(TASK ITEM):
Please keep pictures out of the copy, and print exactly the lines from the one containing "Image of Carnevale" through the end of the records.

(Image-caption web data):

* * * * * * * * *

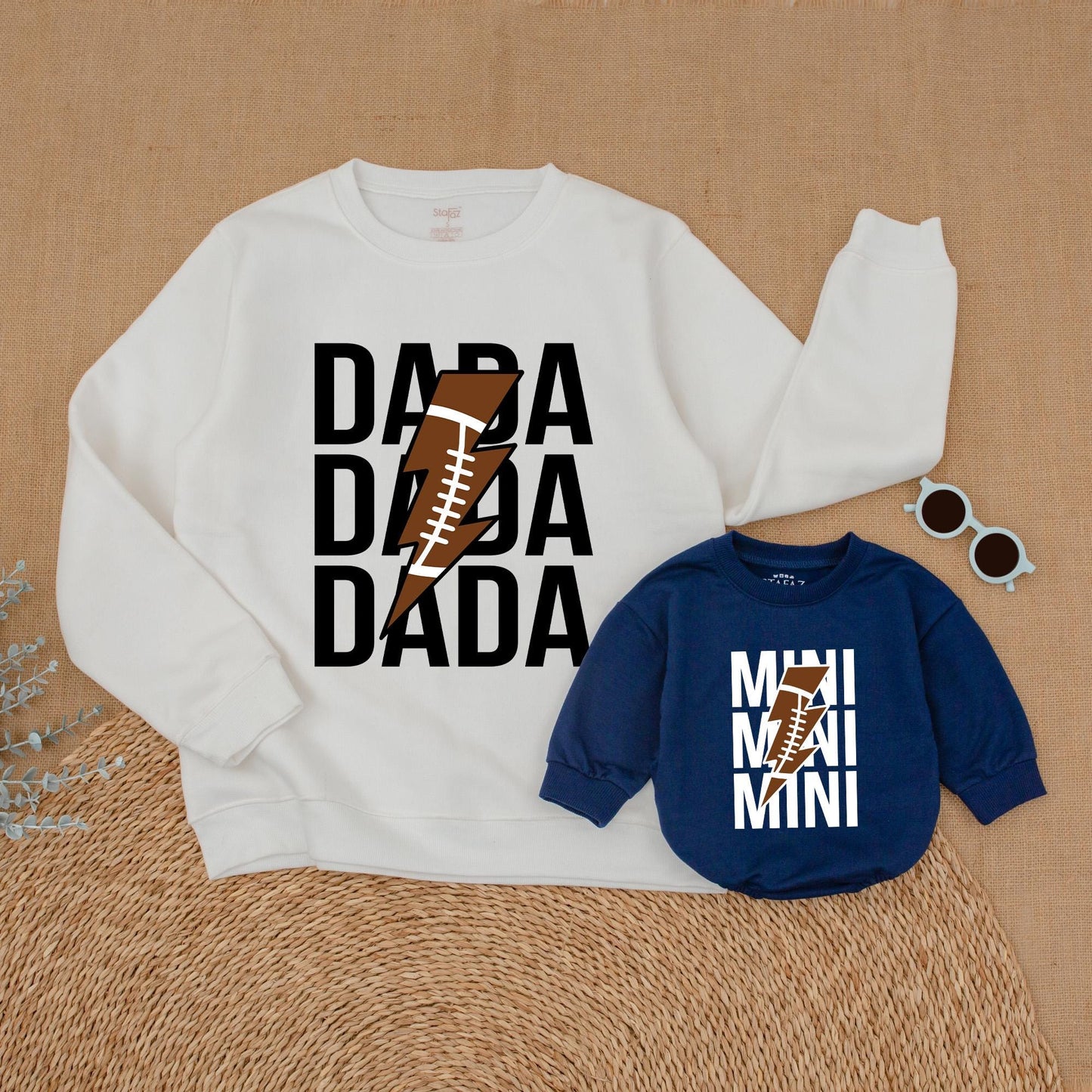 Matching Family Football Sweatshirts: Custom Mom and Baby Outfits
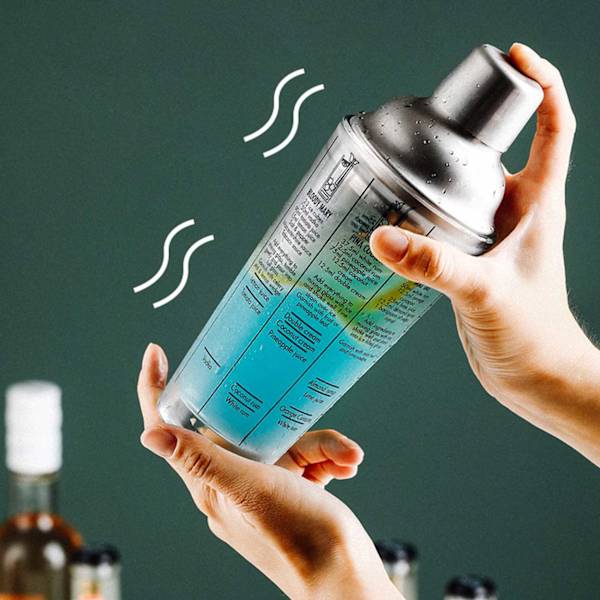 Cocktailshaker med drikkeoppskrift 400 ml Shaker Glass rustfritt stål sølv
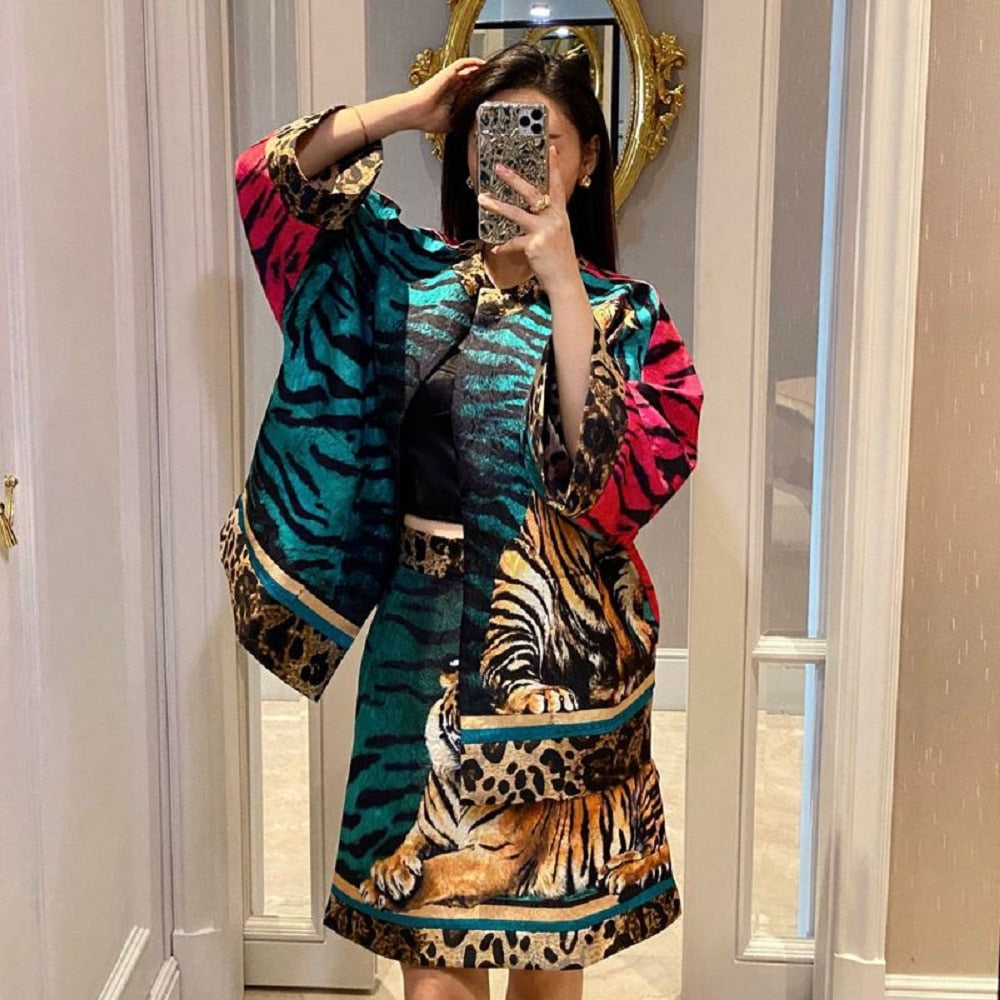 Leopard Jacquard Luxe Suit Jacket & High Waist A-Line Skirt Set | ULZZANG BELLA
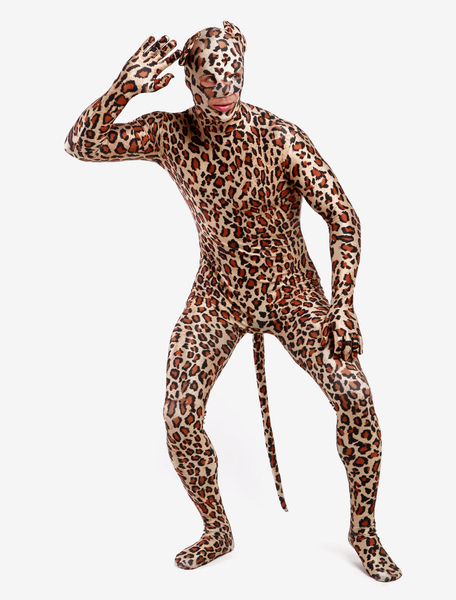 Image of Carnevale Marrone Lycra Spandex leopardo stampa Apri gli occhi Unisex Lycra Zentai animali tute Halloween
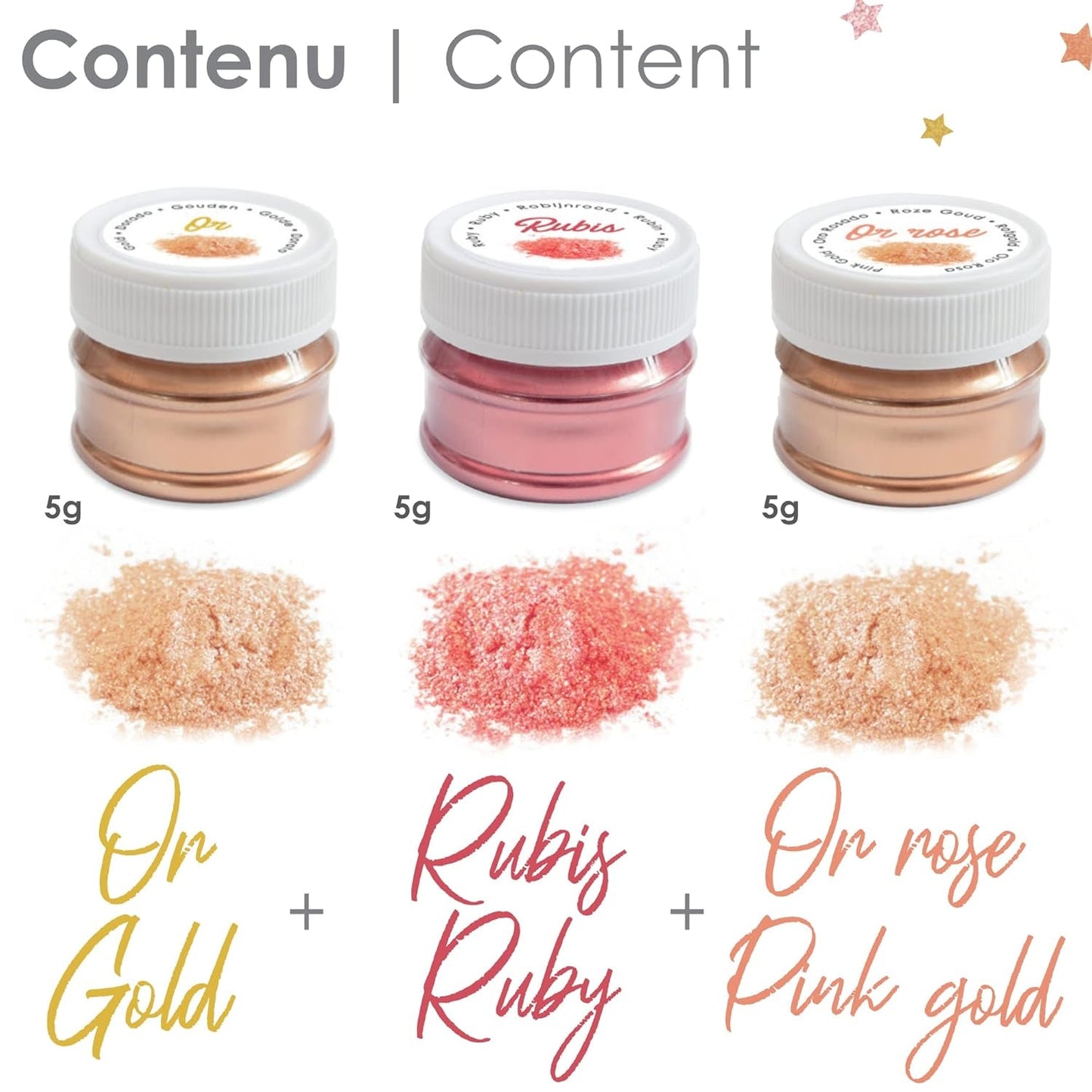 Scrapcooking - Juego de 3 colorantes alimentarios metálicos - Colorante alimentario: oro, oro rosa y rubí - Colorante alimentario comestible para hornear, pasteles, galletas, tartas, chocolate - 4019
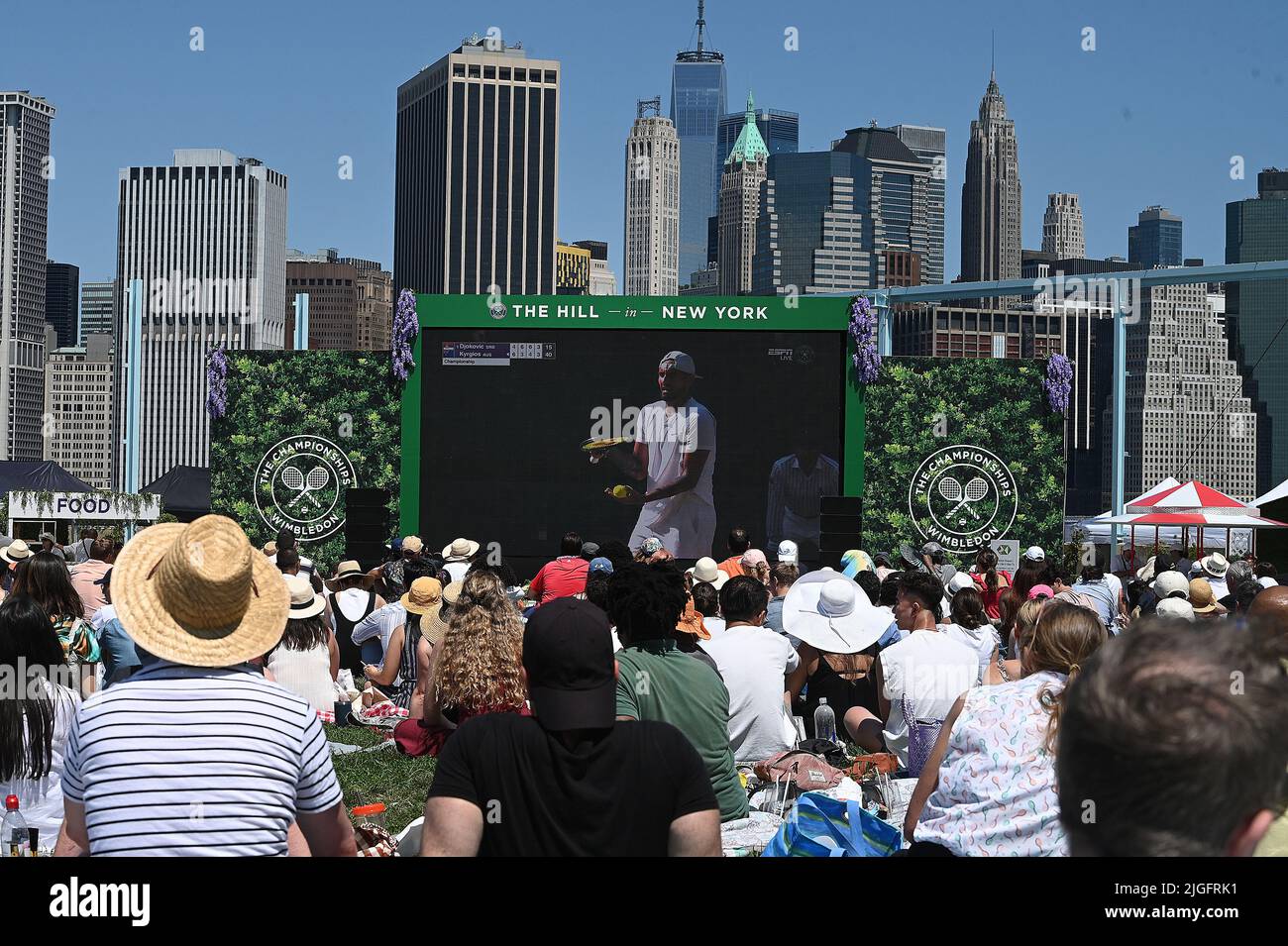 New York, USA. 10th July, 2022. From a section of Pier 6 in Brooklyn Bridge Park called “The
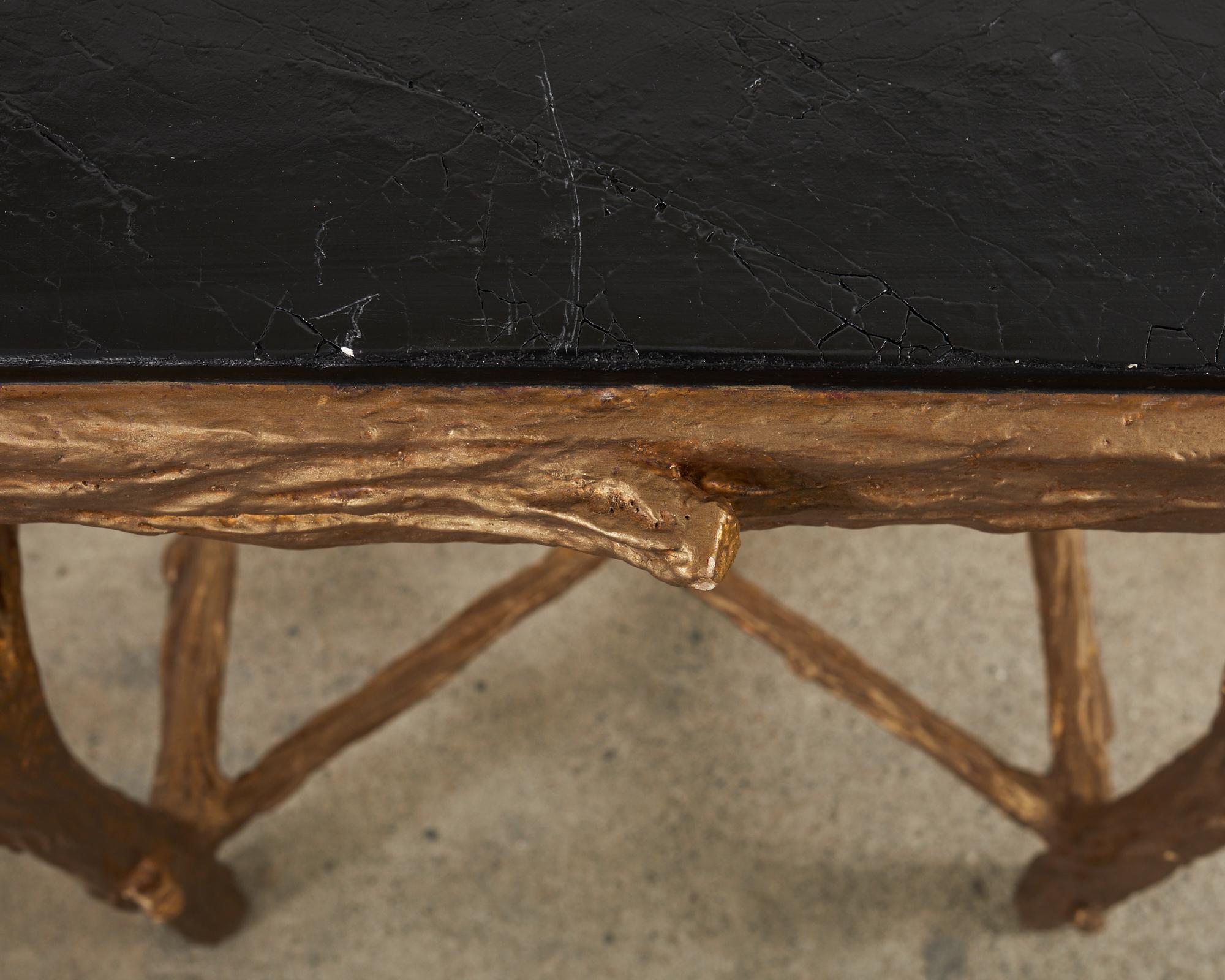Pair of Gilt Faux Bois Drink Tables with Faux Marble Tops For Sale 8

* * * * * * * * *

(SOLUTION TO THIS EXERCISE):
 Image of Carnevale Marrone Lycra Spandex leopardo stampa Apri gli occhi Unisex Lycra Zentai animali tute Halloween
 Scrapcooking - Juego de 3 colorantes alimentarios metálicos - Colorante alimentario: oro, oro rosa y rubí - Colorante alimentario comestible para hornear, pasteles, galletas, tartas, chocolate - 4019
 New York, USA. 10th July, 2022. From a section of Pier 6 in Brooklyn Bridge Park called “The
Pair of Gilt Faux Bois Drink Tables with Faux Marble Tops For Sale 8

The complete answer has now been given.